> _Data below_:
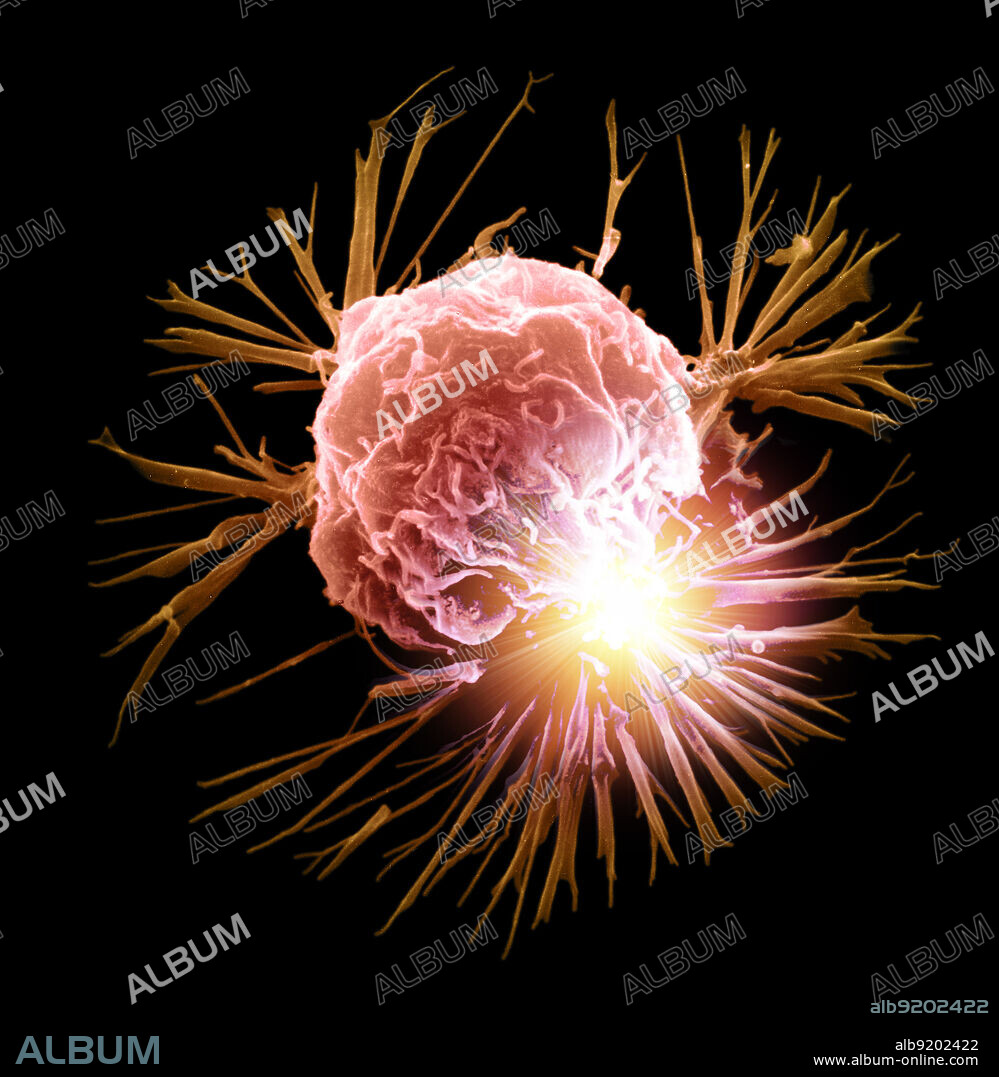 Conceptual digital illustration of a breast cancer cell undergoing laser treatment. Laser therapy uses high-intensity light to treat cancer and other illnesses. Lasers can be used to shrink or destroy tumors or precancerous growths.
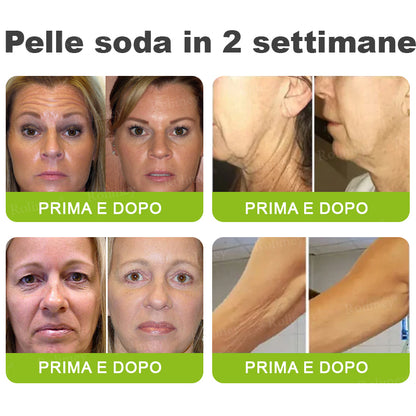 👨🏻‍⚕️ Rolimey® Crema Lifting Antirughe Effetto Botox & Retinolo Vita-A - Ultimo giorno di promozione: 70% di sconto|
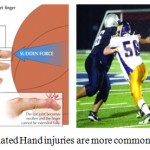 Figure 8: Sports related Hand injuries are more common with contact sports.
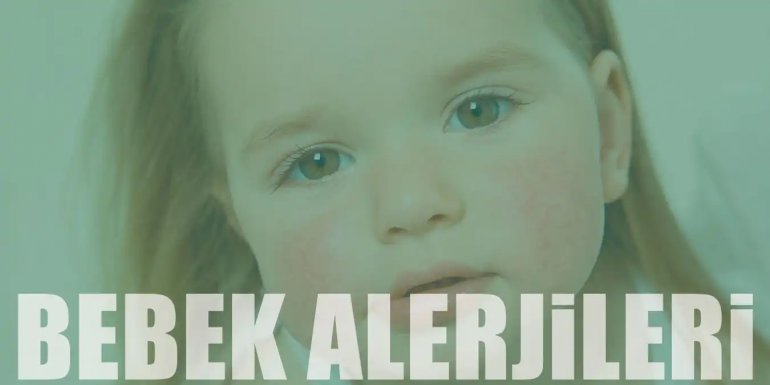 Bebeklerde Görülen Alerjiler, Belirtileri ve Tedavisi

> _Work instructions_: Write the listing out in full, exactly; no images.

> _Result below_:
 Conceptual digital illustration of a breast cancer cell undergoing laser treatment. Laser therapy uses high-intensity light to treat cancer and other illnesses. Lasers can be used to shrink or destroy tumors or precancerous growths.
 👨🏻‍⚕️ Rolimey® Crema Lifting Antirughe Effetto Botox & Retinolo Vita-A - Ultimo giorno di promozione: 70% di sconto|
 Figure 8: Sports related Hand injuries are more common with contact sports.
 Bebeklerde Görülen Alerjiler, Belirtileri ve Tedavisi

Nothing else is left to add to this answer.